I know that Evans was born in Mississippi, but how deep his “hillbilly” roots went is hard to discern. On IN THE BAGGAGE COACH AHEAD, where Mother’s coffin is part of the lyric, he sounds seriously influenced by Jerry Colonna. THEY CUT DOWN THE OLD PINE TREE is yet another example of morbidity in swing, a “country” song written by people whose idea of “the country” might well have been a day trip to Long Island, Edward Eliscu and either David or Milt Raskin. “Brown” could have been a dozen people, so I leave that to you.
I am certain that John Hammond was involved in these recordings, and although their initial affect may seem strange, they are another reason to be grateful to Hammond for his limitless ambitions.

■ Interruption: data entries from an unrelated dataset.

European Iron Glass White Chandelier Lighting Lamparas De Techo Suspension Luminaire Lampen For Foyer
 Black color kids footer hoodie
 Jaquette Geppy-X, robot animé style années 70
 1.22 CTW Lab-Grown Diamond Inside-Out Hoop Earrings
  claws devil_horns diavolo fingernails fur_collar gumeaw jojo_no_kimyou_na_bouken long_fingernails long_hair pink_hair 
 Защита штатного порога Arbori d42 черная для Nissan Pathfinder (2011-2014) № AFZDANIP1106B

For one thing, even though Wilson’s name is not on the label, Evans calls out to him on one side, and he is unmistakable. The sessions, also, were made when Wilson had left Goodman to lead his own band, which was an aesthetic success but not a financial one, so they may have been Hammond’s way of helping Wilson make money and re-establish an identity that had been subsumed with Goodman.
Too, Hammond was always looking for ways to merge his jazz stars with more popular artists — perhaps hoping for what we would now call a “crossover” hit that would give him even more freedom to record his improvisers. Think of the Glenn Hardman date with Lester Young, Freddie Green, and Jo Jones — perhaps a sideways glance at the sides Milt Herth was making for Decca with Willie “the Lion” Smith, Teddy Bunn, and O’Neil Spencer. Had Hammond known of the 1938 Pinky Tomlin Decca sides, which pair a “countrified” singer with a hot band — one of the issued sides being RED WING? Pairing Wilson — and other African-American musicians — with Evans would not only be crossing genres but also gently eroding race barriers. Perhaps the people who enjoyed Western Swing would find this side appealing, as well.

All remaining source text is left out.